(DATASET RECORDS)
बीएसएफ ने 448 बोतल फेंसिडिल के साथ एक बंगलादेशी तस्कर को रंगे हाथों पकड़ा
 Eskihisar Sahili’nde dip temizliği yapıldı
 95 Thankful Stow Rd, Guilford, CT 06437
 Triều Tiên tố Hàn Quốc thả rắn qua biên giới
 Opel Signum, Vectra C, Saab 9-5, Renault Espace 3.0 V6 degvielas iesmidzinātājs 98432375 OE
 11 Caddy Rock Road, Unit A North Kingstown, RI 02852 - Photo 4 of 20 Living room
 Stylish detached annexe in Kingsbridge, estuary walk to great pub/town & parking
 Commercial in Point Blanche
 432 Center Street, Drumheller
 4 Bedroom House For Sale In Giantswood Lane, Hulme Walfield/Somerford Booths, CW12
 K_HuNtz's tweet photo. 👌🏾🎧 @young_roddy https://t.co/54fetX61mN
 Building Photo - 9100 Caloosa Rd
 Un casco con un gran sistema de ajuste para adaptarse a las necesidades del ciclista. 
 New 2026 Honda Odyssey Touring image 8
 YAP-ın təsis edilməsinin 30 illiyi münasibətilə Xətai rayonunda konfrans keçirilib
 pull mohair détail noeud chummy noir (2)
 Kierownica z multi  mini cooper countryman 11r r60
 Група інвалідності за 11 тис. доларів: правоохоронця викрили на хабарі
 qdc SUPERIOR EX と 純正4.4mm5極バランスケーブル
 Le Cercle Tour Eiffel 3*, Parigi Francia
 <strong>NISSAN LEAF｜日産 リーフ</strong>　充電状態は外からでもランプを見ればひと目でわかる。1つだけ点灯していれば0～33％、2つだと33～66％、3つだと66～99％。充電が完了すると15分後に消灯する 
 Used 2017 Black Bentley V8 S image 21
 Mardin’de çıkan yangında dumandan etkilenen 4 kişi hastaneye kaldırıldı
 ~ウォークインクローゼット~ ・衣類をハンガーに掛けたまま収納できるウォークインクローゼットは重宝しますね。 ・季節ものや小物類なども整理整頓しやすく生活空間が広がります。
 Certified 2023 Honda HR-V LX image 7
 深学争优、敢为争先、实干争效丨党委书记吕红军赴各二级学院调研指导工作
(End DATASET RECORDS)
* **TASK DETAILS**
Take the lines above from the first through the one containing "Група інвалідності за" and reproduce them exactly; include nothing else.

* **FINISHED EXERCISE**
बीएसएफ ने 448 बोतल फेंसिडिल के साथ एक बंगलादेशी तस्कर को रंगे हाथों पकड़ा
 Eskihisar Sahili’nde dip temizliği yapıldı
 95 Thankful Stow Rd, Guilford, CT 06437
 Triều Tiên tố Hàn Quốc thả rắn qua biên giới
 Opel Signum, Vectra C, Saab 9-5, Renault Espace 3.0 V6 degvielas iesmidzinātājs 98432375 OE
 11 Caddy Rock Road, Unit A North Kingstown, RI 02852 - Photo 4 of 20 Living room
 Stylish detached annexe in Kingsbridge, estuary walk to great pub/town & parking
 Commercial in Point Blanche
 432 Center Street, Drumheller
 4 Bedroom House For Sale In Giantswood Lane, Hulme Walfield/Somerford Booths, CW12
 K_HuNtz's tweet photo. 👌🏾🎧 @young_roddy https://t.co/54fetX61mN
 Building Photo - 9100 Caloosa Rd
 Un casco con un gran sistema de ajuste para adaptarse a las necesidades del ciclista. 
 New 2026 Honda Odyssey Touring image 8
 YAP-ın təsis edilməsinin 30 illiyi münasibətilə Xətai rayonunda konfrans keçirilib
 pull mohair détail noeud chummy noir (2)
 Kierownica z multi  mini cooper countryman 11r r60
 Група інвалідності за 11 тис. доларів: правоохоронця викрили на хабарі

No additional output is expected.